IHS secures $522mn for African expansion
IHS secures $522mn for African expansion
African mobile infrastructure firm IHS Towers has secured $522 million of debt and equity to help it build more than 1,000 build-to-site towers in Nigeria, Côte d’Ivoire and Cameroon.
IHS Towers says it has 8,500 towers in its tower portfolio in Africa and that it has built over 3,000 for its clients.
The firm says it has just secured debt finance of $280 million led by the World Bank’s International Finance Corporation (IFC). Meanwhile, additional equity raised by IHS comprises of $242 million from investors.
With this latest fund raising round, Nigerian-headquartered IHS says total financing raised by the firm has topped $1 billion.
Meanwhile, IHS adds that one of Asia’s “premier sovereign wealth funds” has been added to its shareholder base. The name of the Asian sovereign wealth fund, though, has not been disclosed by IHS.

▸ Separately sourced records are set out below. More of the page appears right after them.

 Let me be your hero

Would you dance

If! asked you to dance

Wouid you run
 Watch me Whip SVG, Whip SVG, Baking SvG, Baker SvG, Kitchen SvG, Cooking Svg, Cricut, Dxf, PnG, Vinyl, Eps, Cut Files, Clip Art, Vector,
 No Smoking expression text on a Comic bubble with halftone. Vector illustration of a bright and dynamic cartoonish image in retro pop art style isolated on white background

The addition of the Asian fund to its list of shareholders joins the likes of Wendel, one of Europe's leading investors, which completed an investment in IHS earlier this year.
Meanwhile, Wendel, in a statement on Wednesday, says it has also contributed to the $242 million in capital raised by IHS.

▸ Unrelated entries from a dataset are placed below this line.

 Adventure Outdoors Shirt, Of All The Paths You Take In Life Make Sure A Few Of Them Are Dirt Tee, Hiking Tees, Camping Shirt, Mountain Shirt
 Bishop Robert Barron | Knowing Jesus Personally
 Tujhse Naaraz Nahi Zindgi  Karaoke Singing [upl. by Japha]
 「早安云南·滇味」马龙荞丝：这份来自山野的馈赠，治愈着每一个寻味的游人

The European investment firm says it has made a complementary investment of $100 million in IHS Holding via Oranje-Nassau Développement, bringing its total investment in IHS to $276 million. With this transaction, Wendel says it is IHS's largest shareholder, holding nearly 35% of the company.
Wendel says that it along with the likes of Emerging Capital Partners, Investec Asset Management Africa and the Asian sovereign wealth fund are shareholders who have taken part in the capital increase.

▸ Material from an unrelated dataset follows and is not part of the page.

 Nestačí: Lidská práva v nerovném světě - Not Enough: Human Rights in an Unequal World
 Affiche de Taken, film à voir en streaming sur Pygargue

And IHS says that apart from building more towers with the funding, the mobile infrastructure firm also plans to invest in solar and energy efficiency solutions, and expand to additional markets.
“Raising over $1 billion in 12 months is a clear sign of a strong business model and a vote of confidence from new and existing shareholders in the future growth of mobile telecoms in Africa,” says Issam Darwish, vice chairman and chief executive officer of IHS.
“This new financing round is critical to our aim to increase the portfolio to 20,000 towers under management, and will underpin our value creation strategy in the years to come,” Darwish adds
However, competition in the tower management and leasing business is heating up in Africa.
This week infrastructure firm Helios Towers has announced that its subsidiary has struck a transaction deal with Vodacom Tanzania in which Helios has added 1,149 mobile towers to its portfolio.
As a result, Helios says its tower coverage in Africa has reached 4,700 owned towers.
Mobile operators in Africa are also increasingly looking to rent towers or even sell their own towers to firms such as IHS in a bid to to cut their operating expenditure (OPEX).
Cutting costs is becoming increasingly key for mobile operators in Africa as the Average Revenue Per User (ARPU) on the continent has been falling over the last few years owing to lower voice costs.
Mobile operator Vodacom, for example, last week reported that in its home market South Africa its ARPU declined from R126 in June 2012 to R125 in June 2013.
“It is clear that there is no massive competitive advantage any longer in owning your own passive infrastructure, so, therefore, it makes more sense to let somebody who does that for a living do that for you,” Khumo Shuenyane, group chief strategy mergers and acquisitions officer for MTN, told ITWeb last year.